Lehigh Valley Grand Prix races to support the Autism Society’s LV Chapter
By Lori McFerran | Special to Metromix
MetroMix Cover – April 2009
The fast and the furious, Allentown-style!
Sunday, April 5 was a day at the races but a day unlike any other. It was the first time the 6.5 hp Honda engines inside the GT3 Proline karts at the Lehigh Valley Grand Prix race track revved up for much more than pure, fast fun. This day, however, nine corporate teams competed in a threehour, relay-style heat that rendered financial support for the newly formed Lehigh Valley chapter of the Autism Society of America.
“We wanted to give something back by aligning ourselves with a good cause,” says Chris Cooper, who along with Mike Mc- Creary, founded the innovative Grand Prix racing enterprise in Allentown almost two years ago.
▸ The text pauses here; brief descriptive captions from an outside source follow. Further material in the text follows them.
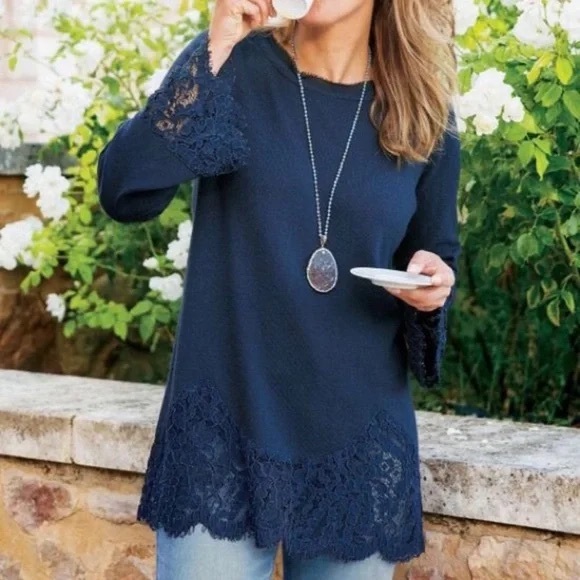 Soft Surroundings Isabeau Sweater Wool Cashmere Navy Blue Lace Bell Sleeve SZ M - Picture 10 of 10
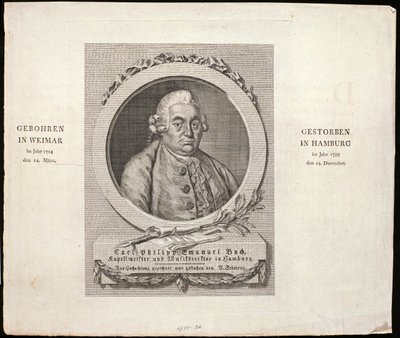 Porträtt av Carl Philipp Emanuel Bach (1714-88) graverad av C. D. Krohn, 1788 av German School
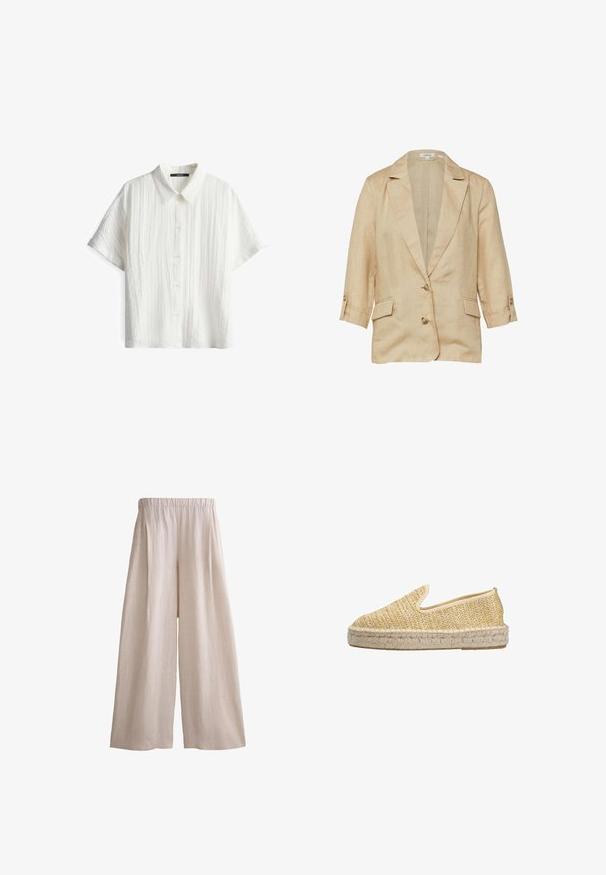 Beige linnen blazer met reverskraag, twee knopen aan de voorkant, 3/4 mouwen met knoopbandjes en twee klepzakken.; Witte shirt met korte mouwen en een gestructureerd patroon, met een kraag en vijf knopen. De stof heeft een lichte uitstraling.; Beige wijde broek met elastische tailleband, gemaakt van lichtgewicht stof, plat gelegd op een witte achtergrond.; Geweven espadrille instapschoen van natuurlijke vezels, met een geel-beige kleur, ronde neus en een touwachtige jute zool.
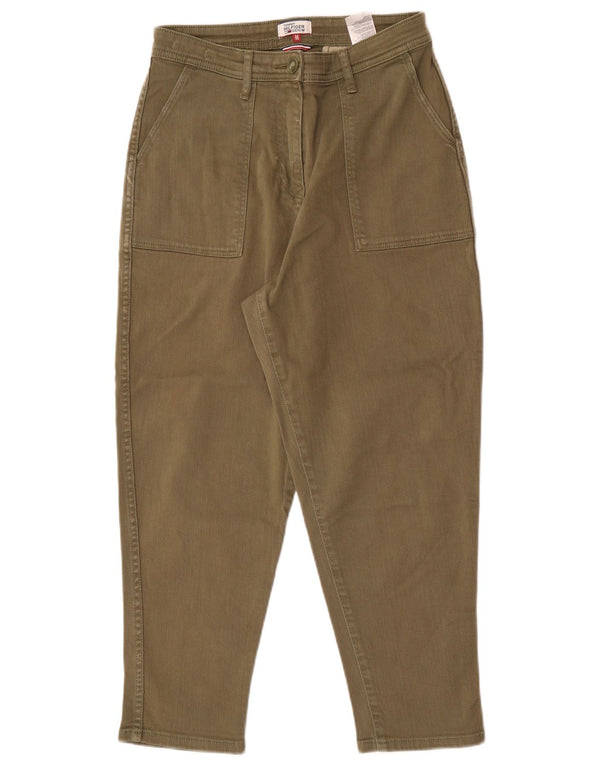 Calça feminina Tommy Hilfiger cônica cortada W26 L24 algodão cáqui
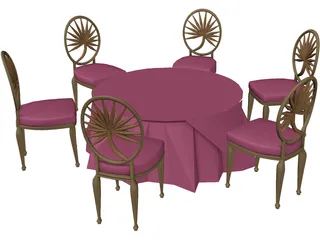 Table and Chairs 3D Model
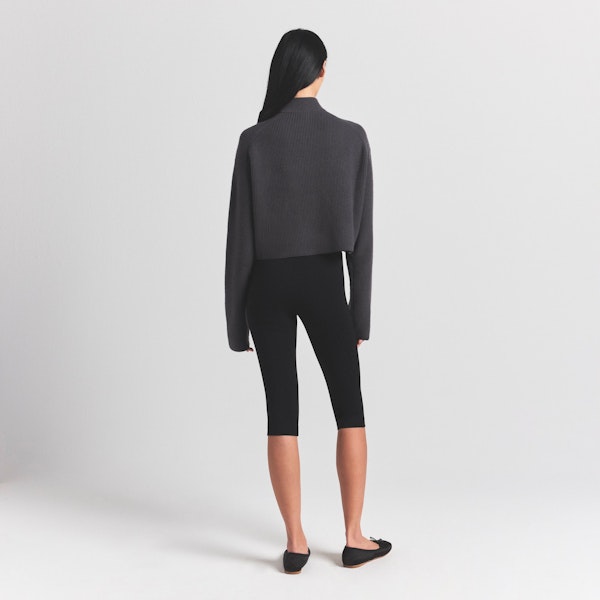 Skims SWEATER KNITS RIBBED MOCK NECK ZIP UP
The Grand Prix has hosted fundraisers in the past for others, but never one if its own. The track is often used for birthday parties for a 10-15-year-old age group, and especially attracts adults ages 20-45 who simply like the sensation of speed. “They’re just big kids,” says Cooper.
For Sunday’s race, the teams each put up $500, with a portion of the fee going directly to autism information, research and referral. While the Lehigh Valley chapter of the ASA is brand new, the organization itself has a history dating back to 1964 when it was started by author Dr. Bernard Rimland and a handful of parents. ASA is dedicated to increasing public awareness about autism and the day-to-day issues faced by individuals with autism, their families and medical professionals.
The race was designed much like other events on the track, as a three-hour test of endurance. Each team has four to six drivers and each driver does a 15-minute stint behind the wheel, then pulls into the pit for a quick driver exchange. Not only does the race require excellent driving skills at top speeds (well, 45 mph feels fast in a gas-powered Sodi competition kart), it also calls for a supersmooth in-and-out of the vehicle since time is of the essence in this exciting race. The team that finishes the most laps in three hours wins the race.
“It’s a position race against a running clock,” explains Cooper, who says that all nine teams are able to gas it up on the 10-track course at the same time. They can eye their progress via a 160″ projection screen mounted above the track that updates and posts standings throughout the race.
Meanwhile, friends, colleagues and the other team members cheer the drivers on from the sidelines in an adrenalin-charged atmosphere hardly experienced anywhere outside of Indianapolis.
Cooper explains that each lap on the track equals ¼ mile, and in the course of a three-hour race, drivers could cover about 300 laps. “That’s about 75 miles,” he says.
Speaking of “big kids,” Cooper admits that he and McCreary occasionally slip into the karts themselves and race each other. “We do that quite a bit. We used to do it a whole lot when we first opened the track,” says Cooper. “We’re very competitive.”